The statistics show that some of the oldest homes in Steamboat are just as apt to sell for more than $200 per square foot, as are the newest homes.

A home at 634 Oak St. that was built in 1891 sold last July for $263,000. Measuring just 1,130 square feet, the home has three bedrooms and no garage. The price per square foot works out to $232. That home was on the market for 82 days and sold for a price that was reasonably close to the original asking price of $289,000.

David Baldinger Jr., a Realtor at Steamboat Village Brokers, said he regards price per square foot as a valuable tool for evaluating the choice between two homes.

"I think it's a good general guide to comparisons between homes," Baldinger said. "It's valuable to me in analyzing the replacement cost of a home."

If a client is trying to choose between homes, price per square foot is a good basis of comparison.

"Then you make adjustments based on the condition of the homes," Baldinger said.

One of the critical aspects of understanding price per square foot, he said, is to take into account the land the home is built upon. Once buyers have assessed that aspect, they can begin comparing it to the replacement cost of the home. The price of new lots can be overlooked when an existing home is shown by a Realtor, and the client gasps at the price per square foot.

"If it's listed for $300,000, but it's on a $100,000 lot, I might realize there's no way I could replace it for that cost," Baldinger said.

So, subtracting the price of a comparable lot from the price of an existing home might present a truer picture.

A home at 449 Seventh St. in Old Town sold last summer for $267,500. Built in 1911, this home offered a two-car garage but just 1,250 square feet. The price per square foot was $214. A home built in 1910 on Seventh Street sold on May 1 for an even $500,000. It includes more than 2,070 square feet but just two bedrooms. The math is fairly easy the house sold for $240 per square foot.

Dutch Elting of Prudential Trimontane Real Estate understands the sticker shock people experience when they first come to her to shop for a family home. They have to learn to appreciate the price differences in Steamboat based on location.

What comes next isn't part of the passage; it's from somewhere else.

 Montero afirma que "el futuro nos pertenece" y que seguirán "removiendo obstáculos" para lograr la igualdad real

Baldinger agreed. Buyers intent on a home in Old Town may find themselves paying a premium because that neighborhood is trendy and because undeveloped lots in Steamboat's downtown neighborhoods are very scarce.

Home buyers can also find homes closer to $150 a square foot. A pair of homes on Anchor Way in Steamboat II, just west of the city, sold for $200,000 and $210,000 during the past 12 months. Each house was right at 1,400 square feet, yielding prices per square foot of $142 and $150 per square foot. Another home on Meadow Lane, near Whistler Park, sold for about $170 per square foot last year.

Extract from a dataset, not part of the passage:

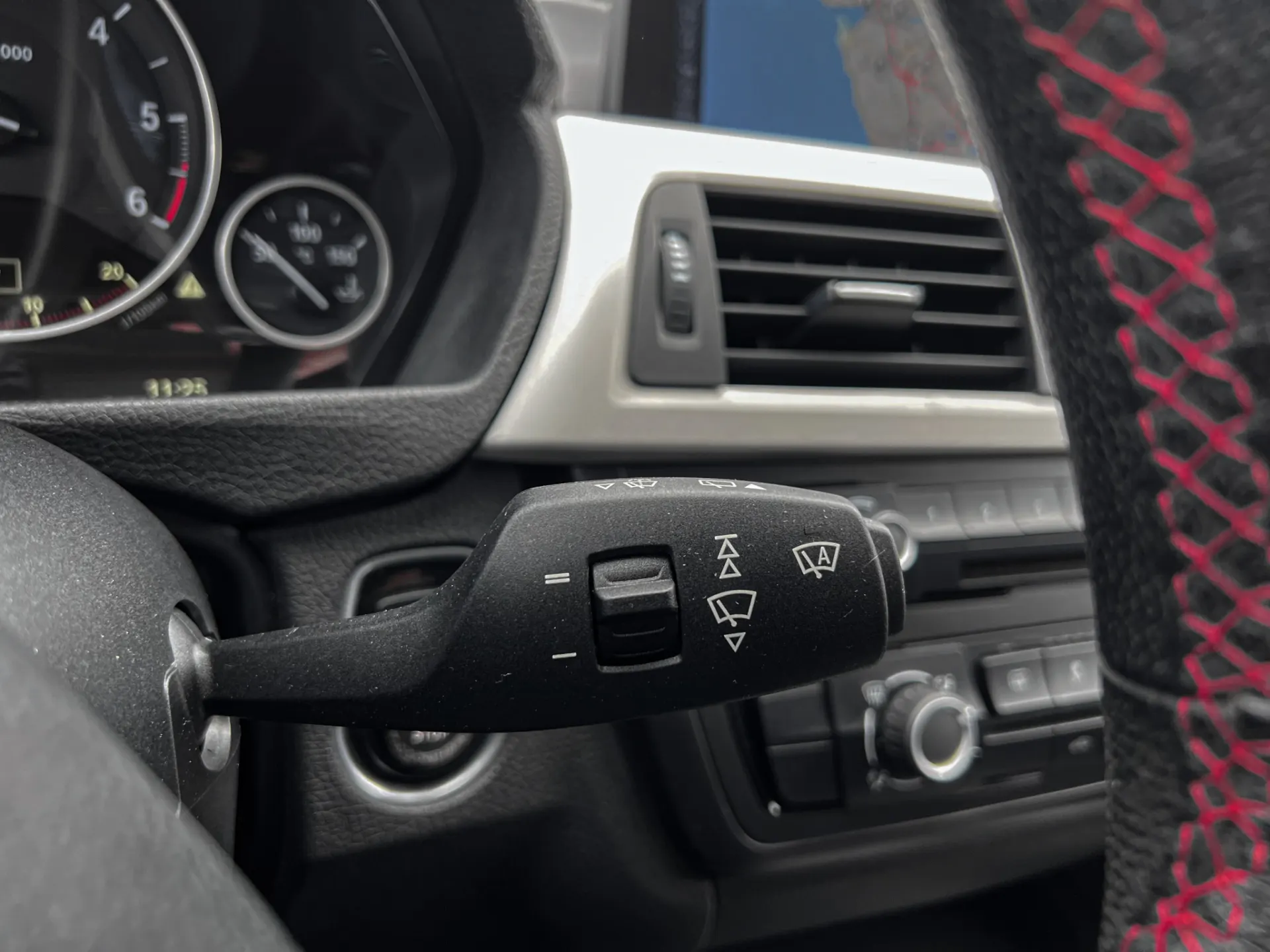 BMW 318 d Touring Auto 13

The least expensive homes on a per square foot basis, included a country home on County Road 35 that sold for $260,000. It worked out to $110 per square foot. The house sits on 5 acres. Another home near Steamboat Lake, a half-hour north of Steamboat, sold for $292,000, coming out at $119 per square foot. That house is on a 1-acre lot.

Nine homes in the Willowbrook subdivision south of Walton Creek Road off Chinook Lane have sold in the past 12 months. All of them are between 1,100 square feet and 1,400 square feet, and several have sold at prices that work out to more than $200 per square foot. One sold for as low as $189 per square foot.

The manufactured homes are situated in a quiet neighborhood very close to Walton Creek itself and an extension of the Yampa River Trail. Whistler park is within walking distance.

Baldinger said it's important when evaluating smaller homes to realize that the cost of the basics that must be included in virtually every home aren't being amortized over as many square feet as they would be in a larger home. For example, an 1,100-square-foot home like those in Willowbrook still has a lot a couple of bathrooms, a kitchen full of appliances, a furnace, probably a laundry room or laundry closet, and perhaps a gas fireplace. A 2,200-square-foot home might not offer much more in those categories, and as a result, have a lower price per square foot.

Elting has listed his own home on Laurel Lane at a price that equates to $365 a square foot. But you have to understand that it's a 1-acre lot with unmatched views of Emerald Mountain.

"Somebody's going to buy it," Elting said. "They'll realize the lot is worth $350,000."